If Israel has nothing to hide, then why bar people who want to come and bear witness? If Israel wants peace, why target activists who support BDS – a peaceful movement that works to ensure Israeli compliance with human rights in the absence of the global political, financial and diplomatic will to do so?
[Special Series | Sports and the Palestinian BDS Struggle]
These are the questions the American public doesn’t know and much of the media is failing to ask. It is striking that the levels of outrage have grown exponentially in the mainstream media only now that white and/or Jewish Americans are barred from entry into Israel, when so many Palestinians are prohibited from entering their historical homeland from which, in many cases, they were forcibly expelled.
That Israel has been actively engaged in targeting activists is well documented: in 2010, the influential Reut Institute described BDS as an “existential threat” to Israel and recommended Israel “sabotage and attack” the BDS movement. In response, and at the urging of the Israeli government, the Jewish Federations of North America and the Jewish Council on Public Affairs committed $6 million to the creation of the Israel Action Network to fight BDS . In 2015, the Israeli newspaper Haaretz reported that the Israeli military had been monitoring and gathering information on BDS groups around the world. And according to another Israeli news outlet in December 2017, the Israeli government committed $72 million to fight BDS through a public-private partnership, including Israeli officials and private individuals, mostly large donors to Zionist organizations. This is just a microcosm of much wider efforts. In 2013, the office of the Israeli prime minister announced it was hiring college students to set up “covert” groups to troll the internet and spread hasbara to counter the BDS movement and Israel’s increasing global isolation. This measure, along with others such as the Israel Action Network, are set up to appear independent, that is, to mask the Israeli government’s involvement. According to a report by Haaretz, the Israeli Foreign Ministry has established “front groups” in Europe charged with executing propaganda campaigns to ensure that the “message does not bear the ‘fingerprints’ of the Israeli government.”
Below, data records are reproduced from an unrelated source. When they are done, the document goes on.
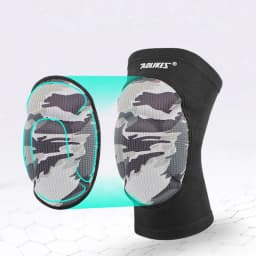 AOLIKES Knee Pads Thicken Sponge Volleyball Dancing Knee Protective Brace Gym Fitness Non Slip Unisex Basketball Yoga Knee Pads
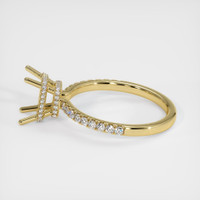 14K Yellow Gold Pave Ring Setting Image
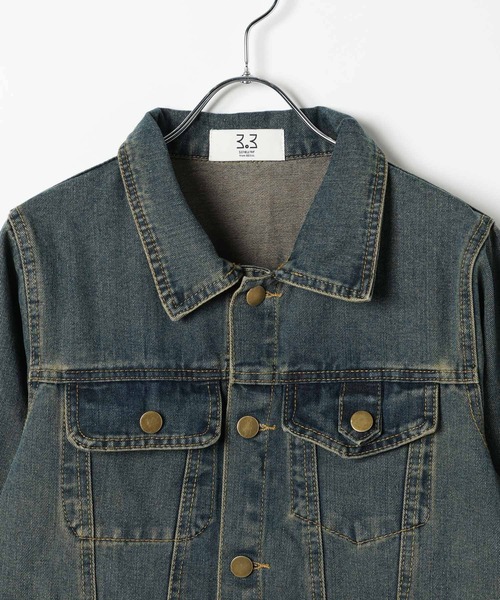 3.3 Field Trip （3.3フィールドトリップ）の「3.3 Field Trip／ヴィンテージライクデニムミニワンピース（ワンピース・レディース・ネイビー/ブルー・MEDIUM/SMALL）」の15枚目の写真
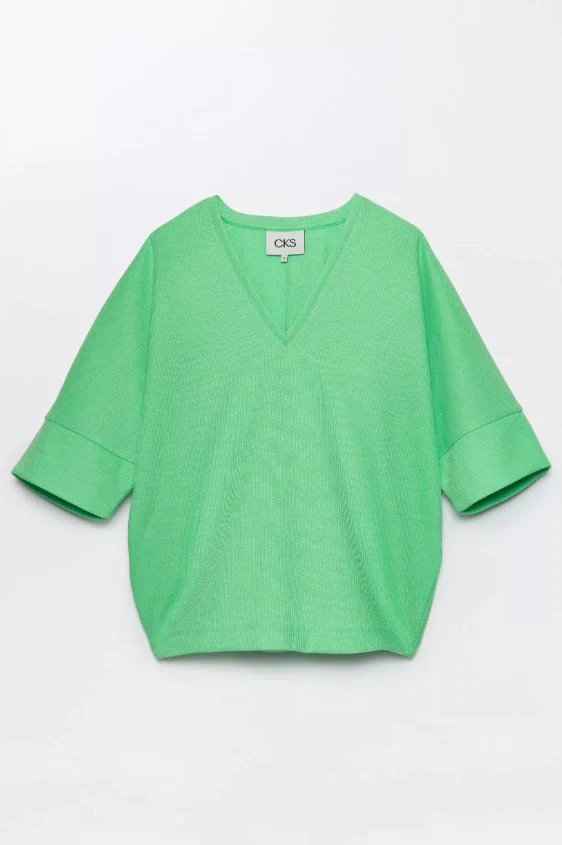T-shirts korte mouw groen CKS - Image 3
These McCarthyist efforts reveal that Israel is merely handling a perception problem, rather than the root cause of global activism against its human rights violations: the occupation. Israel may have banned 20 organizations and hundreds of advocates – for now. But others will come after us. The tactics employed against me in 2010 have reverberated throughout the years as the Zionist colonial project tries in vain to stop a worldwide movement whose growth is organic and whose tactics are peaceful. Like the boycott campaign against South African apartheid before it, we are at the tipping point, if we have not reached it already. Even Israel’s top anti-BDS czar and founder of the Reut Institute Gidi Grinstein admitted in 2016 that the movement was winning despite Israel’s massive efforts to stop it.
A few years ago, my Palestinian-American friend and her family were held up for hours at Ben Gurion airport because she refused to remove her trousers as the Israeli soldier demanded. Her recalcitrance prevailed and she was finally let through without having to strip. But she did not go quietly: “Don’t worry. You don’t faze us. We will be back,” she told them.